In <[EMAIL PROTECTED]>, on 12/31/2007
at 03:11 PM, Paul Gilmartin <[EMAIL PROTECTED]> said:
>I'll retract "grievous".
But see below.
>If the argument of PATH is anything other than '/dev/null'
>(or '//dev/null'), the file is allocated as a UNIX file and can be
>processed as a UNIX file. If it is '/dev/null' it as allocated as
>DUMMY,
If true, I'd have to agree with egregious; neither the C/I not allocation
should have special processing for any path name.
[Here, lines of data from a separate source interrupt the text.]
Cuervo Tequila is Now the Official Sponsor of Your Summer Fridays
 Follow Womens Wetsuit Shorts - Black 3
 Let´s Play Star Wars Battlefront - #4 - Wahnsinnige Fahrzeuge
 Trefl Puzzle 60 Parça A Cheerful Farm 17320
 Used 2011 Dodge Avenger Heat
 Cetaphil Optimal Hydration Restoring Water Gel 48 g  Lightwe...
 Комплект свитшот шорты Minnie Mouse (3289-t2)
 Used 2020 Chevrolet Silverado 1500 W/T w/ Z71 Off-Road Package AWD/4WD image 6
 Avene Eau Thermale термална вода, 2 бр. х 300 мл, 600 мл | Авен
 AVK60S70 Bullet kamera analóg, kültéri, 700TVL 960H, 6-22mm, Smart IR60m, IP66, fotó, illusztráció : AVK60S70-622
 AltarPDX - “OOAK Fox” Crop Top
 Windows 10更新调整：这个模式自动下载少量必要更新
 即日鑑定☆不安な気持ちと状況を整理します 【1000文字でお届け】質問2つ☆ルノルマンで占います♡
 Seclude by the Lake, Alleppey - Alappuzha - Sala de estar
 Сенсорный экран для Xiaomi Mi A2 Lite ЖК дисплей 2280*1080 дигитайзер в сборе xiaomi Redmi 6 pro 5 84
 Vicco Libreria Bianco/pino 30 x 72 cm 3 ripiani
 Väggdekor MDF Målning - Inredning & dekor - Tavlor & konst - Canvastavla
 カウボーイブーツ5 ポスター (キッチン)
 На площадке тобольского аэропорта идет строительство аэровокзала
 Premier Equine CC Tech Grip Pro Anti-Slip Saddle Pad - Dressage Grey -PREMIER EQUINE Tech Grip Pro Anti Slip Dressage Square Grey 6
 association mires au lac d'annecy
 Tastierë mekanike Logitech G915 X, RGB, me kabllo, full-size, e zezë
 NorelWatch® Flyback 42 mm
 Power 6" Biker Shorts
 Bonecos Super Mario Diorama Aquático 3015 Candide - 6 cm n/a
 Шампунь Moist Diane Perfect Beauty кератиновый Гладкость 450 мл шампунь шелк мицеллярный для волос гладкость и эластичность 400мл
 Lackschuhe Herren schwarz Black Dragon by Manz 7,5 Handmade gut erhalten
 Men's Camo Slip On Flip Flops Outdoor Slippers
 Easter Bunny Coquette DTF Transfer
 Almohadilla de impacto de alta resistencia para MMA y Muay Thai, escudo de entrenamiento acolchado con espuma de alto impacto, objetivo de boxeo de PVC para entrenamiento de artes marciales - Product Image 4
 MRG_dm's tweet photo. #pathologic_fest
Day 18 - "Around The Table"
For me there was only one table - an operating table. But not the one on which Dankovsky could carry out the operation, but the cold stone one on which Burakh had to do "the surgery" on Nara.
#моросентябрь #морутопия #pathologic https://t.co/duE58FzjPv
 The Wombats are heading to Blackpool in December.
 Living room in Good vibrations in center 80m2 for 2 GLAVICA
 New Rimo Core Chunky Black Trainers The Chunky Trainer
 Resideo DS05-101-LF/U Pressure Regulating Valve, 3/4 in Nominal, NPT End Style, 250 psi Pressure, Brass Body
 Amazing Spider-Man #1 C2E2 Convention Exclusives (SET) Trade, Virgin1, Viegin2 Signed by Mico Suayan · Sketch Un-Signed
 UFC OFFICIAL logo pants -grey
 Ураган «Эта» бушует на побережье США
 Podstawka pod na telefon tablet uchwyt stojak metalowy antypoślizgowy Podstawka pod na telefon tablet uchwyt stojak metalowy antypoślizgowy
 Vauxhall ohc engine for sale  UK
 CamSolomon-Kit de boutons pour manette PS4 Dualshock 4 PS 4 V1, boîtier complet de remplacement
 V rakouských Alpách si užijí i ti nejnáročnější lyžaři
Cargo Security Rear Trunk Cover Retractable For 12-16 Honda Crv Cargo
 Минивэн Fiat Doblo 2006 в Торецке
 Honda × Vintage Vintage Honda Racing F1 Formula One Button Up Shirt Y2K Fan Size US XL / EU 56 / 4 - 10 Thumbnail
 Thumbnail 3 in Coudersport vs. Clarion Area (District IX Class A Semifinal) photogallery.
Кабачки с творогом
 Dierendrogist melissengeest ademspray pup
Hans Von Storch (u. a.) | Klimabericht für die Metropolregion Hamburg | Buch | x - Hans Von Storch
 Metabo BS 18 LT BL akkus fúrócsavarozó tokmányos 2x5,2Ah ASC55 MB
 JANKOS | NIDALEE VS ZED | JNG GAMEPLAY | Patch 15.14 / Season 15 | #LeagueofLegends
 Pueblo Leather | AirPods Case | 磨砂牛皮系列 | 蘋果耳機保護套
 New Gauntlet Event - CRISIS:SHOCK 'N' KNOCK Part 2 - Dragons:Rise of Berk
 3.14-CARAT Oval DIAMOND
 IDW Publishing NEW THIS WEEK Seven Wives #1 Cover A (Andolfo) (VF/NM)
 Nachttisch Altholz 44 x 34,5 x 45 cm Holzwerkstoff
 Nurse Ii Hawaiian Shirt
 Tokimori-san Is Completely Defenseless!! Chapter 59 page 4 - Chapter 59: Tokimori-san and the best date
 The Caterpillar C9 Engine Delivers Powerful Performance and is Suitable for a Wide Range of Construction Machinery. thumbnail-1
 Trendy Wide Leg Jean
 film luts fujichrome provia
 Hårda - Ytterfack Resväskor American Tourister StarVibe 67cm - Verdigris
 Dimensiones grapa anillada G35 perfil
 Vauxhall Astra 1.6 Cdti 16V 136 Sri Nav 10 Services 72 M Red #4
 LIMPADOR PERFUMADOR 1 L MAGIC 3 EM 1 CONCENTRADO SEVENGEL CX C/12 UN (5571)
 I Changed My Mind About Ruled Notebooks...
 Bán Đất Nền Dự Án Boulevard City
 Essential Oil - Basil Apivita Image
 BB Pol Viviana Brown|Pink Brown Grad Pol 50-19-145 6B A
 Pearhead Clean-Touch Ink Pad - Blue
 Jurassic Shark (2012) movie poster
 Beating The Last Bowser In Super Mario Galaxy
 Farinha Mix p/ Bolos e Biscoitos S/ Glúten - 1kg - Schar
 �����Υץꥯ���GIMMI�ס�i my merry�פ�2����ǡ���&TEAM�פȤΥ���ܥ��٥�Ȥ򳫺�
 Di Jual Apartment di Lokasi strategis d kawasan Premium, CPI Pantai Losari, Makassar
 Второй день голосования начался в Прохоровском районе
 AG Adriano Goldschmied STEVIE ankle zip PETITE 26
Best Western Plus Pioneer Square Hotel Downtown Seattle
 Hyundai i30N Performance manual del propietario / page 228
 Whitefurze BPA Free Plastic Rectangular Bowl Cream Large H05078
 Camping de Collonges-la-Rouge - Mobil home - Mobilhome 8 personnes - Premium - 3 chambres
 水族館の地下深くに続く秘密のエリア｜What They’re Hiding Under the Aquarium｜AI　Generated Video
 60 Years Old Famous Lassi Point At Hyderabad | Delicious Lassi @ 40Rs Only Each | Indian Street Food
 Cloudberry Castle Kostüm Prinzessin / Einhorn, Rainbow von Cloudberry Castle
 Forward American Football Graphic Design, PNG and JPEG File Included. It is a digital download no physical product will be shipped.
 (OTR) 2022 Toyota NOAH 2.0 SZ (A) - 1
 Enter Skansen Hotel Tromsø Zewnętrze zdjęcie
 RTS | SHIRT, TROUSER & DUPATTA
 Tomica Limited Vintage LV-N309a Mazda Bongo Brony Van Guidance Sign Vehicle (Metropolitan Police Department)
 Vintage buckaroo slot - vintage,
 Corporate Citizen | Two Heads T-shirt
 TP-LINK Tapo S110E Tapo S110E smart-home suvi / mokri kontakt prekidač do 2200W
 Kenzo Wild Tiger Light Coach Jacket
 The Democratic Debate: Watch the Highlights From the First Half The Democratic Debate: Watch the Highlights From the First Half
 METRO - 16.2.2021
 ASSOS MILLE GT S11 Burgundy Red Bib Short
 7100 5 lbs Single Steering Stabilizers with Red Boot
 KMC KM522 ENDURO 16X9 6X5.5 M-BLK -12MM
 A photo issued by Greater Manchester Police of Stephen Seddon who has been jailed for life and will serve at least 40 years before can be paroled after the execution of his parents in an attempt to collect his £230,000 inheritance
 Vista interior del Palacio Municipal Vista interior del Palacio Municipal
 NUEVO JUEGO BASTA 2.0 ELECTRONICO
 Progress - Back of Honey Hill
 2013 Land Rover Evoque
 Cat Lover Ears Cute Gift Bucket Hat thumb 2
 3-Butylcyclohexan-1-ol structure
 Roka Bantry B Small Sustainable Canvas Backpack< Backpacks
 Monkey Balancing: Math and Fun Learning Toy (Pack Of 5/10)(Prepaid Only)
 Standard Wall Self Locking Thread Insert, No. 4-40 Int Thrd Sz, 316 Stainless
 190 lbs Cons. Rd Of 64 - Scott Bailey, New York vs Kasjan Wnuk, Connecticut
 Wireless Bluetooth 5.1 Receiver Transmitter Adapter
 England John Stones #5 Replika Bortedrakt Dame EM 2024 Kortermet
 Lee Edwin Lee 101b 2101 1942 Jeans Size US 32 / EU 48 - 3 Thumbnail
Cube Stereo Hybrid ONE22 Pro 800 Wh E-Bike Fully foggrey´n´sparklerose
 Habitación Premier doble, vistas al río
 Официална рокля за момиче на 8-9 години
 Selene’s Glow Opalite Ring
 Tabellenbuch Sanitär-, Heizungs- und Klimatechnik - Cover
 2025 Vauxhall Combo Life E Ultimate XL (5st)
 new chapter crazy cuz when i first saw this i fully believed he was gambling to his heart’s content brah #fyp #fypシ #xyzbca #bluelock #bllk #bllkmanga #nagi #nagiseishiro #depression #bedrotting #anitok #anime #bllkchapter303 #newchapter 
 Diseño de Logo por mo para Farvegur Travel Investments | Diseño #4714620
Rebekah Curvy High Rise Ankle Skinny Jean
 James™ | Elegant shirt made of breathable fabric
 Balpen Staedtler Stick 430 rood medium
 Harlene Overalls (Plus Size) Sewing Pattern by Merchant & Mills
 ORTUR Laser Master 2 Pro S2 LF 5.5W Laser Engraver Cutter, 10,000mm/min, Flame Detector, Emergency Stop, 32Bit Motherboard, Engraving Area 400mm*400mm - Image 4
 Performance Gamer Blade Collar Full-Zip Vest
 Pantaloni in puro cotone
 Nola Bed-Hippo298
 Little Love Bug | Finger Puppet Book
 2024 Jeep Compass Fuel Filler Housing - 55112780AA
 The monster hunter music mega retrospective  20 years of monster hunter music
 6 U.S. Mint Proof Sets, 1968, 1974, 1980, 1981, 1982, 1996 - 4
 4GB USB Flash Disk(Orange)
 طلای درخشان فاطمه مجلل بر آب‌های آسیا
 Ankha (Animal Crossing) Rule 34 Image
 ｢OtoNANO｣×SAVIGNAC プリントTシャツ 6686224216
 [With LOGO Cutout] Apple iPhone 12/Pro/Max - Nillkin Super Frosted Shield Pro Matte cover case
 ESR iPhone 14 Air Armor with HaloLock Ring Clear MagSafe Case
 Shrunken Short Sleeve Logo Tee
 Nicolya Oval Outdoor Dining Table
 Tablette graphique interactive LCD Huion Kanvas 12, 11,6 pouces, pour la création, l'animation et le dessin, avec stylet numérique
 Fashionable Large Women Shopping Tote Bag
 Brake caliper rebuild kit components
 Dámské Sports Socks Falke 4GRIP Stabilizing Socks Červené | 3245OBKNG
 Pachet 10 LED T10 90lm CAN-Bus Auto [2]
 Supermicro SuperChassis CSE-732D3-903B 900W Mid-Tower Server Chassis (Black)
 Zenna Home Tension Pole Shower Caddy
Do you have
documentation[1] of that behavior, and have you submitted and ETR?
>Rudimentary JCL sample available on request.
I'd be more interested in the output showing the problem, but it would do
you more good to show it to IBM via formal channels than to show it to me
or the list.
>It's worth a chapter in the JCL RM.
If there actually is such a problem and IBM doesn't correct it, then I'd
say that it should be documented in both the JCL RM and the JCL UG.
>What benefit of this distinct treatment of /dev/null justifies the
>resource spent on its implementation?
I'm not convinced that there is such a treatment, but if you're not
misinterpreting things then it would definitely violate Unix[2] semantics.
Anybody from IBM monitoring this?
[1] I'd include JFCB and TIOT contents as part of the documentation.
[2] You might argue that JCL is outside the scope of Unix, but I doubt
that the Unix community would buy that.
--
Shmuel (Seymour J.) Metz, SysProg and JOAT
ISO position; see <http://patriot.net/~shmuel/resume/brief.html>
We don't care. We don't have to care, we're Congress.